# Werkstat Prime Strong?



## gally (May 25, 2008)

Could the closest comparison be Lime Prime?

I only ask because I understand the only difference in the strong is abrasives have been added.

I'm considering picking up some Prime normal or strong but if I can use the strong via machine possibly i'd opt for that?

Some PB input would be great.


----------



## John @ PB (Aug 25, 2010)

No abrasives in Prime Strong. 

It's much nicer to work by hand than machine and is probably faster as there's no masking up to be done.


----------



## Maggi200 (Aug 21, 2009)

Prime is still acrylic based and lime prime is still very oily so I wouldn't say they were all that similar. But they both do a similar job. Prime strong would leave a great base for a sealant unlike lime prime. It also has quite strong chemical cleaners in it, us it wiht a white/light coloured mf and you will see the dirt it easily lifts whereas I find lime prime simply can't compete in that respect.


----------



## gally (May 25, 2008)

Yeah I hear it's a fantastic cleanser one that i'd like to try to be honest.
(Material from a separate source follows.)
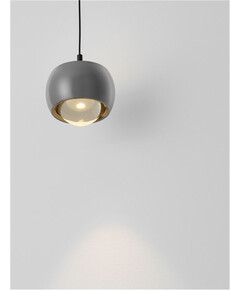 LED Пендел CONGA 9002072 NovaLuce 13W 3000K | Osvetlenieto.bg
So really it just has stronger cleansers than normal prime?


----------



## 3976 (Nov 20, 2006)

You need this in your life Kev.

I was getting frustrated with my door shuts requiring a couple of products to get them looking good. Based on most opinions, including [email protected] (cheers again chap). This cleans and lays down a layer of protection in one. Which is a massive time and skin saver, especially in tight spaces!


----------



## gally (May 25, 2008)

Very very nice JD.

Worth going for the strong or does it really matter? I'd like a good base for stuff and this sounds perfect.


----------



## John @ PB (Aug 25, 2010)

gally said:


> Yeah I hear it's a fantastic cleanser one that i'd like to try to be honest.
> 
> So really it just has stronger cleansers than normal prime?
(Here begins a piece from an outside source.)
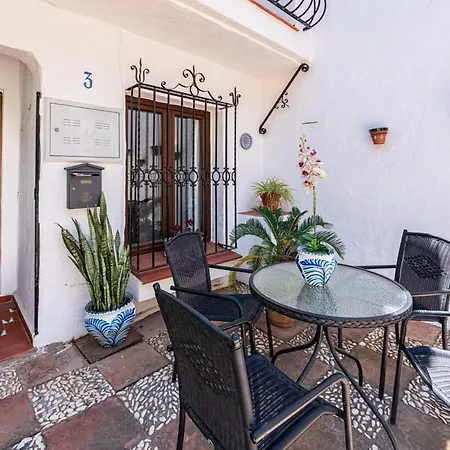 Nueva Townhouse בית נופש *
Essentially, yes think of it as double espresso compared to Acrylic Prime's single espresso: both powerful, just one a bit stronger than t'other.

As JD's mentioned, it lays down a basecoat of sealant also (as does Acrylic Prime). It's great for door shuts, glass and wheels as well as regular paint preparation.


----------



## 3976 (Nov 20, 2006)

For areas like the shuts, strong is useful. For things like windows, the standard stuff suits fine. Added bonus of it being great on bright work as well, so chrome trim, badges, etc.


----------



## gally (May 25, 2008)

Thanks for that guys, I think i'll pick some up probably use it by hand via an MF pad as instructed.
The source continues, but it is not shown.